The complexity of chronic diseases is a challenge for investigators conducting randomized trials. The causes for this include the often difficult control for confounding, the selection of outcomes from many potentially important outcomes, the risk of missing data with long follow-up and the detection of heterogeneity of treatment effects. Our aim was to assess such aspects of trial design and analysis for four prevalent chronic diseases.

Methods

We included 161 randomized trials on drug and non-drug treatments for chronic obstructive pulmonary disease, type 2 diabetes mellitus, stroke and heart failure, which were included in current Cochrane reviews.

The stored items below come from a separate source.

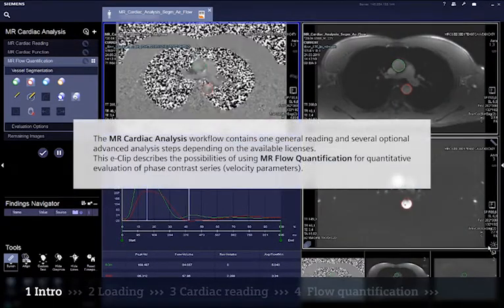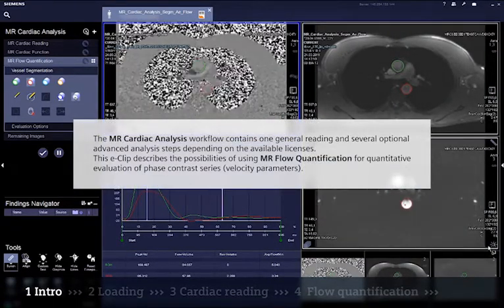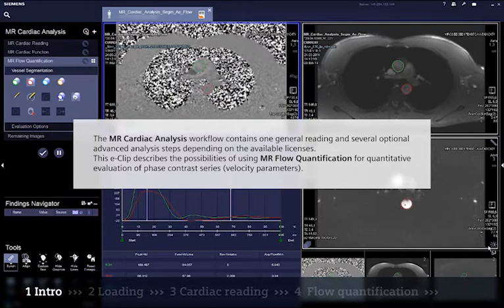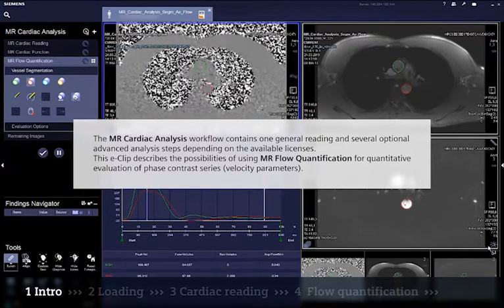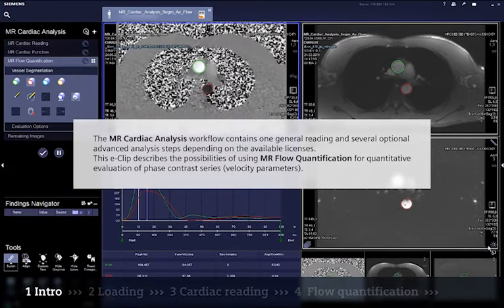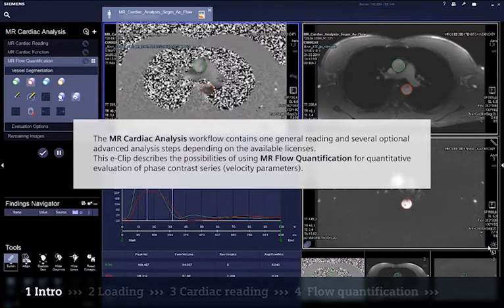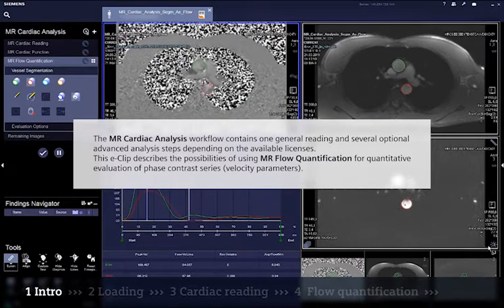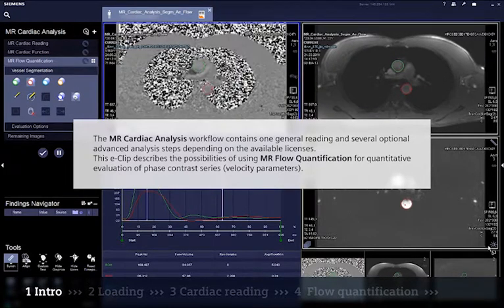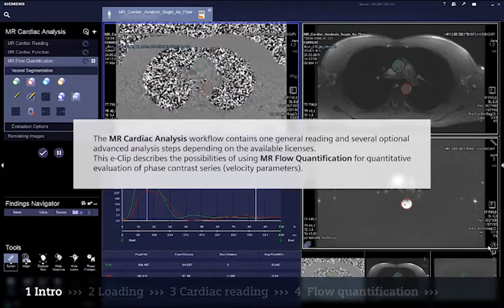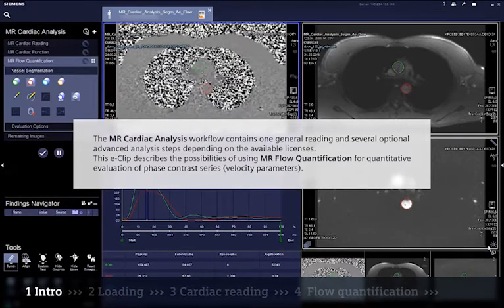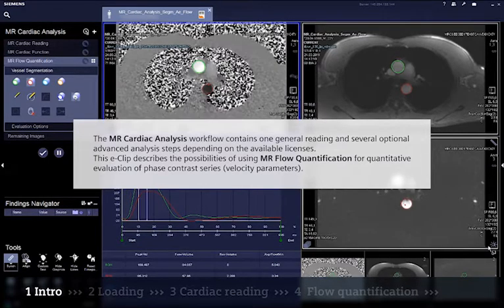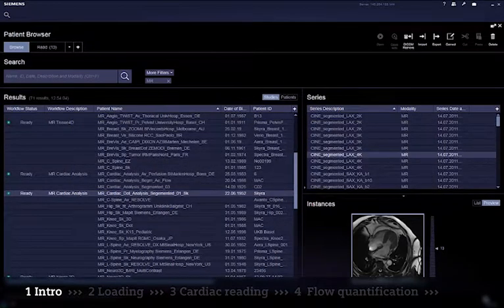The MR cardiac analysis workflow contains one general reading and several optional advanced analysis steps depending on the available licenses. This eClip describes the possibilities of using MR flow quantification for quantitative evaluation of phase contrast series velocity parameters.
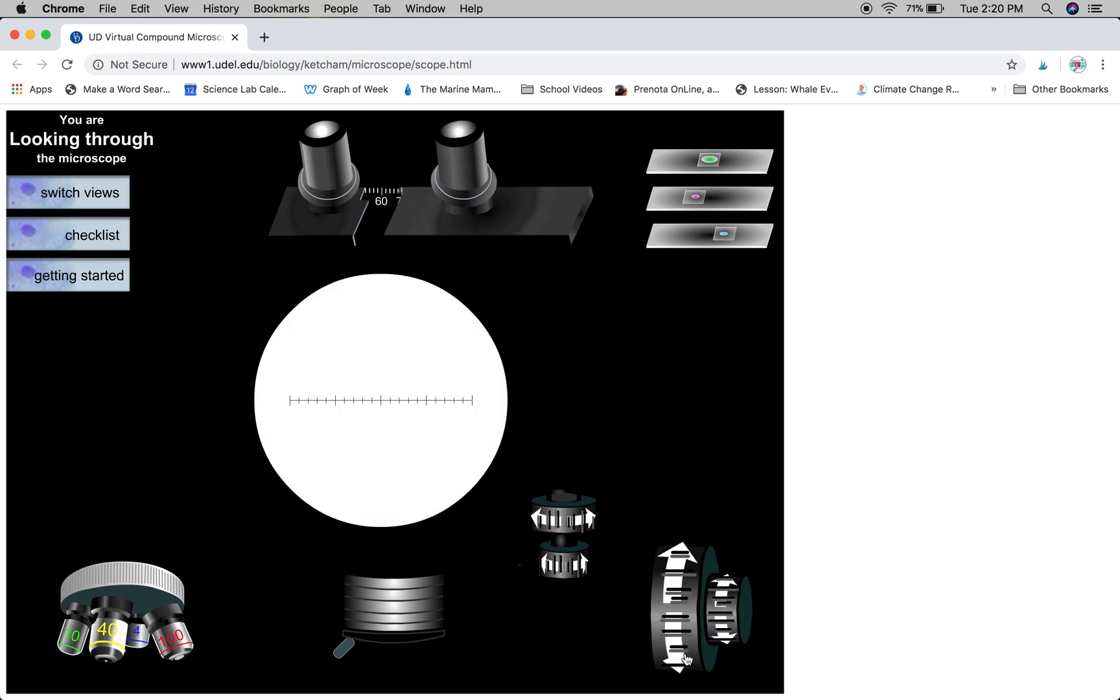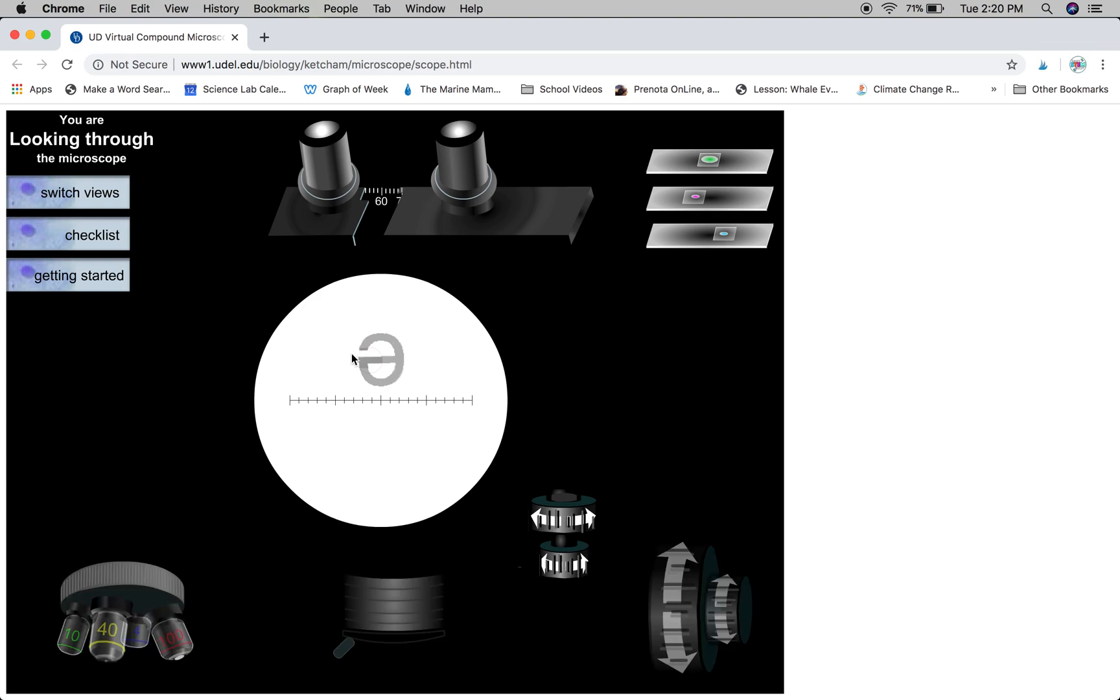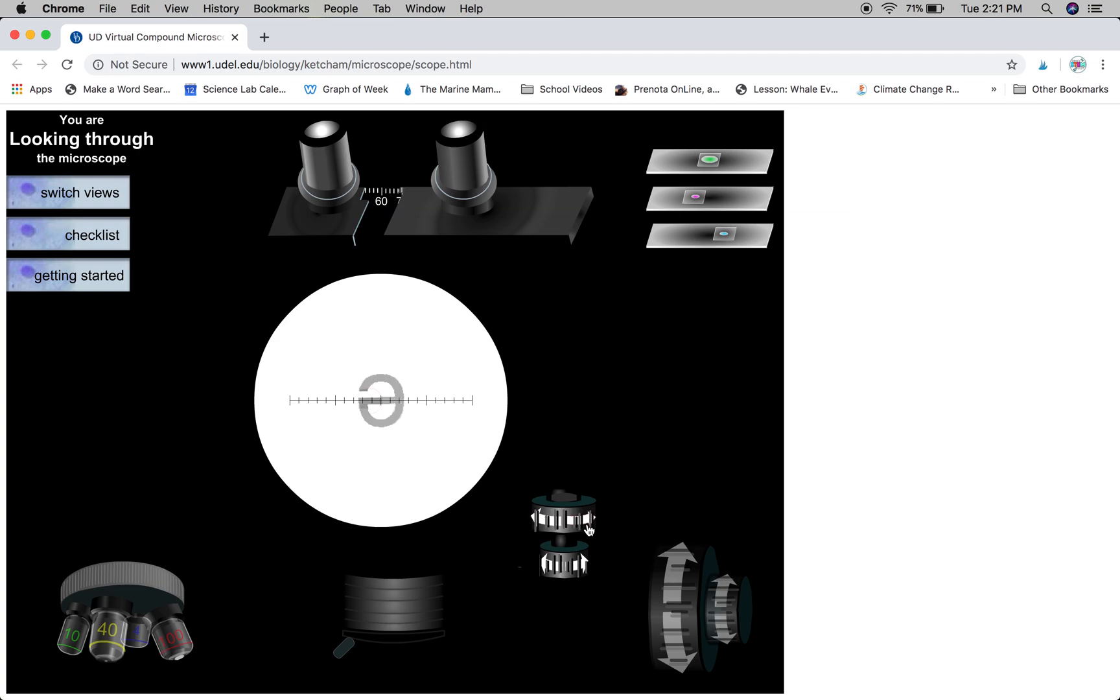Once that's in place, we're going to adjust our coarse focus knob until we see the image. We'll notice that it's not exactly centered, so we're going to adjust that so it's right in the center of our field of view.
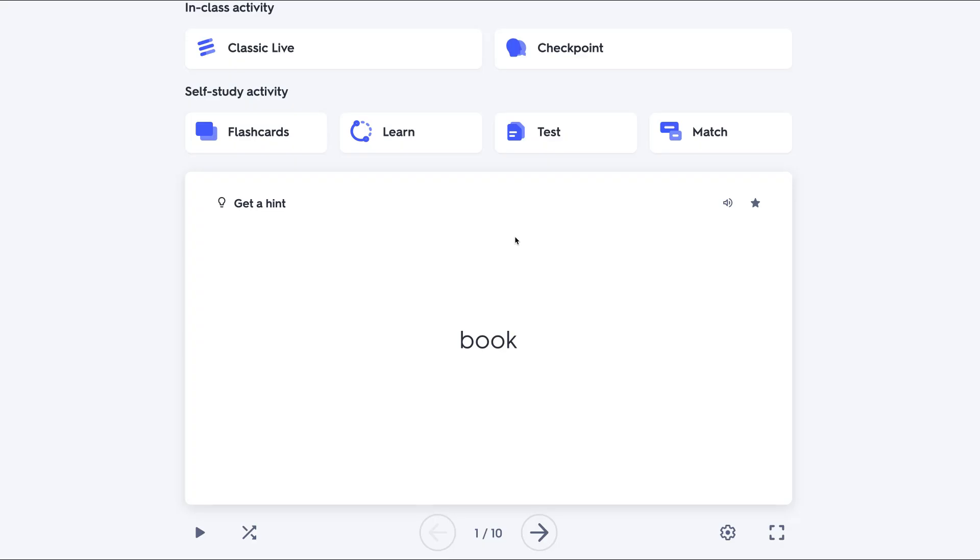Hi there and welcome. This is Nellie Deutsch and today we're going to take a look at how to embed a Quizlet study set.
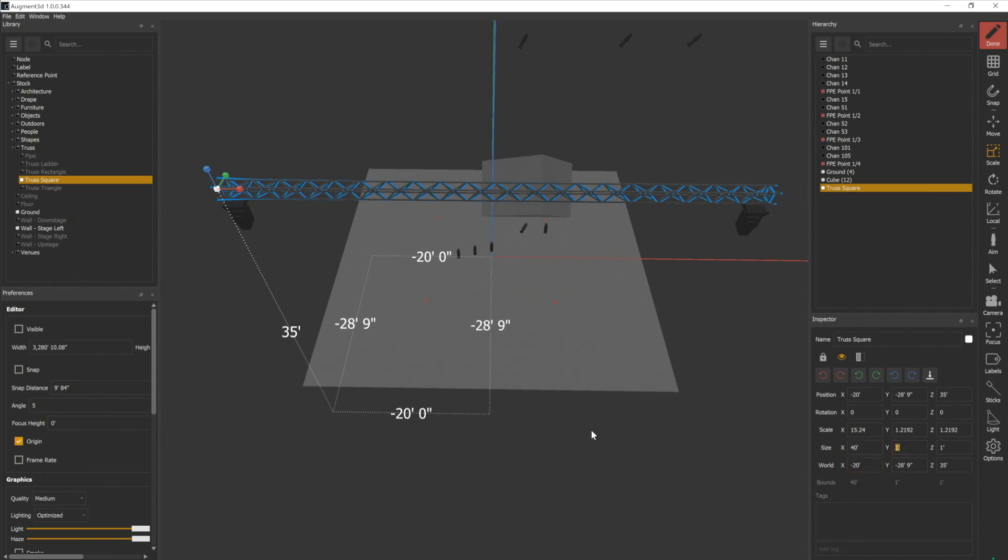The objects in the stock library are there to help you get representational objects in your model. They're a way to get objects in place so that light can bounce off of them and interact with them without necessarily being 100% accurate.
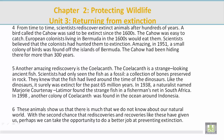Paragraph 4. From time to time, scientists rediscover extinct animals after hundreds of years. A bird called the Cahow was said to be extinct since the 1600s. The Cahow was easy to catch. European colonists living in Bermuda in the 1600s would eat them. Scientists believed that the colonists had hunted them to extinction. Amazingly, in 1951, a small colony of birds was found off the islands of Bermuda. The Cahow had been hiding there for more than 300 years.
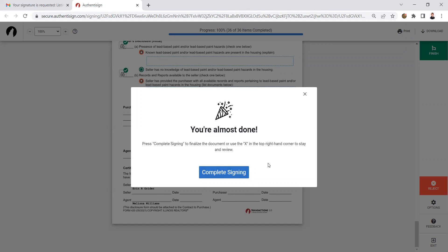Once all those fields have been done, you're going to get this pop up box and you just need to make sure you hit complete signing.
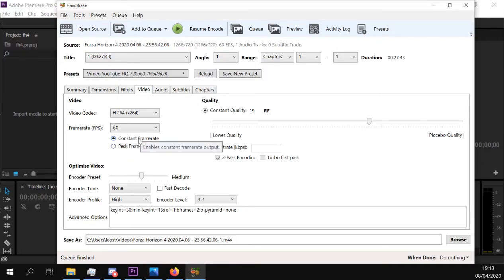That is basically what's happening. You sometimes lose frames and gain frames and it desyncs the audio for whatever reason. And that only happens when you put the video in Adobe Premiere. When I'm just looking at it normally, it doesn't do anything — it's just normal.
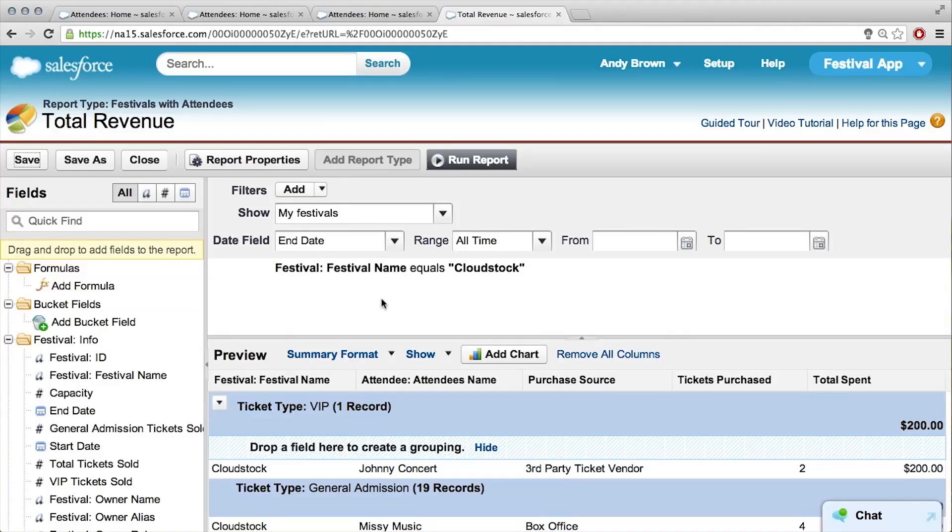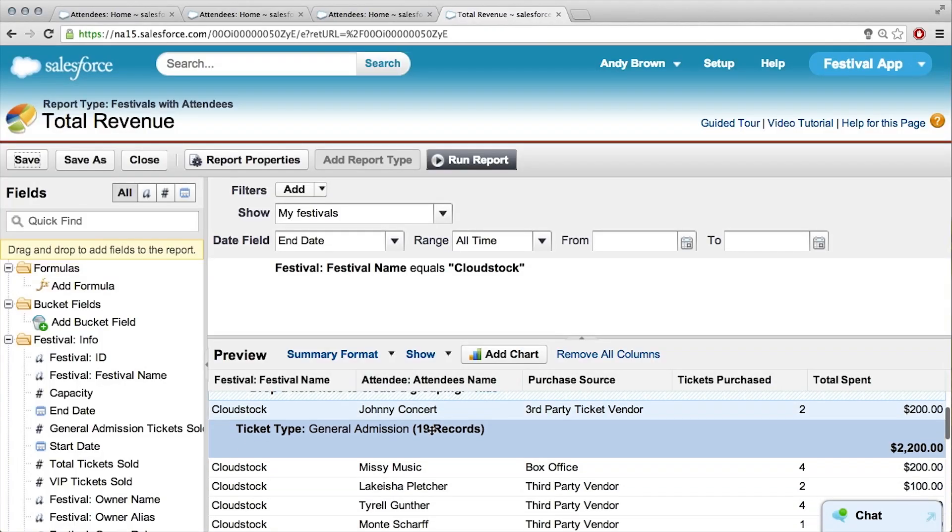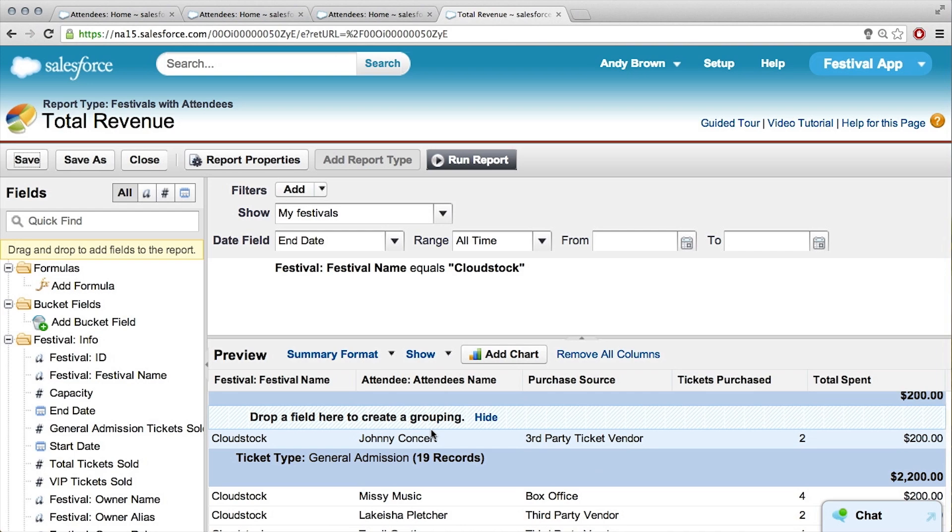So, tickets over time. That's a really similar chart to what we've already made, so we can actually just keep using the same report and then save as at the end to have a completely different report. We'll have our grouping here already by ticket type, but the other thing that sounded really important was the over time aspect.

We assessed whether these trials defined a single outcome or several primary outcomes, statistically compared baseline characteristics to assess comparability of treatment groups, reported on between-group comparisons, and we also assessed how they handled missing data and whether appropriate methods for subgroups effects were used.

Results

We found that only 21% of all chronic disease trials had a single primary outcome, whereas 33% reported one or more primary outcomes. Two of the fifty-one trials that tested for statistical significance of baseline characteristics adjusted the comparison for a characteristic that was significantly different. Of the 161 trials, 10% reported a within-group comparison only; 17% (n = 28) of trials reported how missing data were handled (50% (n = 14) carried forward last values, 27% (n = 8) performed a complete case analysis, 13% (n = 4) used a fixed value imputation and 10% (n = 3) used more advanced methods); and 27% of trials performed a subgroup analysis but only 23% of them (n = 10) reported an interaction test. Drug trials, trials published after wide adoption of the CONSORT (CONsolidated Standards of Reporting Trials) statement (2001 or later) and trials in journals with higher impact factors were more likely to report on some of these aspects of trial design and analysis.

Conclusion

Our survey showed that an alarmingly large proportion of chronic disease trials do not define a primary outcome, do not use appropriate methods for subgroup analyses, or use naïve methods to handle missing data, if at all. As a consequence, biases are likely to be introduced in many trials on widely prescribed treatments for patients with chronic disease.